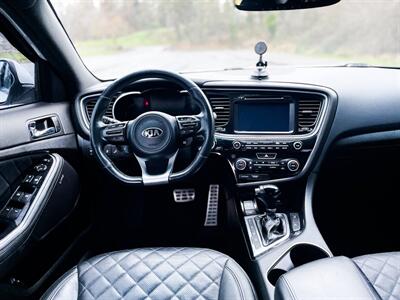 2015 Kia Optima SXL Turbo  - Warranty 3/3 Included*~~Tax Season Special Edition ~~ - Photo 8 - Gladstone, OR 97027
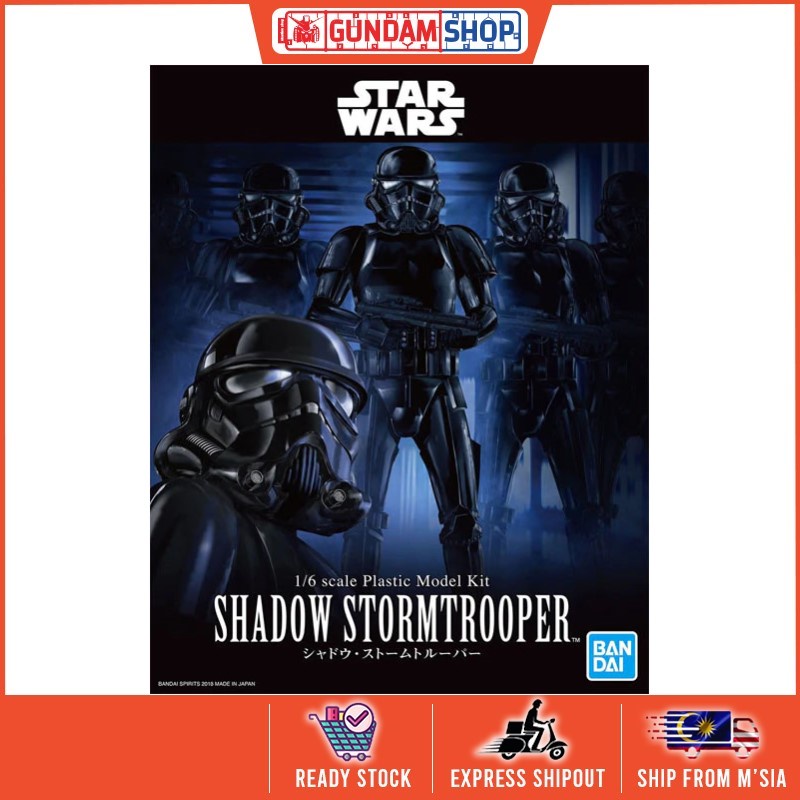 [Star Wars] 1/6 Shadow Stormtrooper | Shopee Malaysia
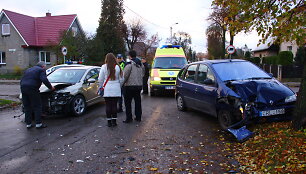Avarija Panevėžyje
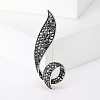 Flower Rhinestone Pins PW-WG73125-01-1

▶ [Work request]: Word for word, restate the material above; do not carry over the pictures.

▶ [Answer space]:
 2015 Kia Optima SXL Turbo  - Warranty 3/3 Included*~~Tax Season Special Edition ~~ - Photo 8 - Gladstone, OR 97027
 [Star Wars] 1/6 Shadow Stormtrooper | Shopee Malaysia
Avarija Panevėžyje
 Flower Rhinestone Pins PW-WG73125-01-1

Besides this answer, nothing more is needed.